- Born: 14 January 1927
- Died: 10 January 1999 (aged 71)
- Occupation: Mathematician

= Anatoli Prudnikov =

Russian mathematician (1927–1999)

Anatolii Platonovich Prudnikov (Анатолий Платонович Прудников; 14 January 1927 in Ulyanovsk, Russia – 10 January 1999) was a Russian mathematician.

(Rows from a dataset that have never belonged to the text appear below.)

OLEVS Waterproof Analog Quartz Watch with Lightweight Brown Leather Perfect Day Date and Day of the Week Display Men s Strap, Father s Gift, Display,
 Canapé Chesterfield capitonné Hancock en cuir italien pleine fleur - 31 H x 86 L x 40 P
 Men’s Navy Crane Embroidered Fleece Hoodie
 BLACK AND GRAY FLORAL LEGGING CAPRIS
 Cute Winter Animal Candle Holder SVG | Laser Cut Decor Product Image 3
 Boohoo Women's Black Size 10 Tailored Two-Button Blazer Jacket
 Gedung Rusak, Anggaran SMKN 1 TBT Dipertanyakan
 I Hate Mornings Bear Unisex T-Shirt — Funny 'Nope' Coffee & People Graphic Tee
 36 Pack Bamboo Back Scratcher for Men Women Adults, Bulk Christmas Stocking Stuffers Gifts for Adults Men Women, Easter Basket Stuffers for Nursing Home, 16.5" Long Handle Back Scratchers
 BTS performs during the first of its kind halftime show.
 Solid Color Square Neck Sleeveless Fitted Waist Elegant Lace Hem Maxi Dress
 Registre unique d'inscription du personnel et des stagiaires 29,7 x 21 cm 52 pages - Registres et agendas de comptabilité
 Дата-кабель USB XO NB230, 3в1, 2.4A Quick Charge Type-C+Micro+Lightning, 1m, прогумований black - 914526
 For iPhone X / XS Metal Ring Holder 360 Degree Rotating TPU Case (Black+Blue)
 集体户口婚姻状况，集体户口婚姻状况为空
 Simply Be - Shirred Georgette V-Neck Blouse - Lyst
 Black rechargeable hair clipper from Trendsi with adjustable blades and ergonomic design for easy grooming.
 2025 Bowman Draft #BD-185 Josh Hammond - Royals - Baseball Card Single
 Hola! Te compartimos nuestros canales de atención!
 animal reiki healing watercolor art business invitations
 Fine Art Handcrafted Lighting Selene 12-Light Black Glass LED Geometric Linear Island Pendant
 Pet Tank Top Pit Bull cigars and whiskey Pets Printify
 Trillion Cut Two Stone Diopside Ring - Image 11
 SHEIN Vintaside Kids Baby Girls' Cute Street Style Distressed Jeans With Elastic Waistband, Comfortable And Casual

In 1930 the Prudnikov family moved to Samara, where Anatolii passed his Abitur in 1944. He then studied at the Kuibyshev Aviation Institute for three years and at the Kuibyshev Pedagogical Institute for one year before completing his degree qualifying him as a teacher. In 1968 he received his doctorate under the direction of Vitalii Arsenievich Ditkin with the thesis On a class of integral transforms of Volterra type and some generalizations of operational calculus. With Ditkin, he published several handbooks on integral transforms and operational calculus. Prudnikov's fame derives mainly from the five-volume work "Integrals and Series" (1981–1992), written with Yuri Aleksandrovich Brychkov and Oleg Igorevich Marichev.

== Works ==
- "Tables of Indefinite Integrals" (1986)
- "Integrals and Series" 1981−1986. (English, translated from the Russian by N. M. Queen), volumes 1–5, Gordon & Breach Science Publishers / CRC Press, 1988–1992, ISBN 2-88124-097-6. Second revised edition (Russian), volumes 1–3, Fiziko-Matematicheskaya Literatura, 2003.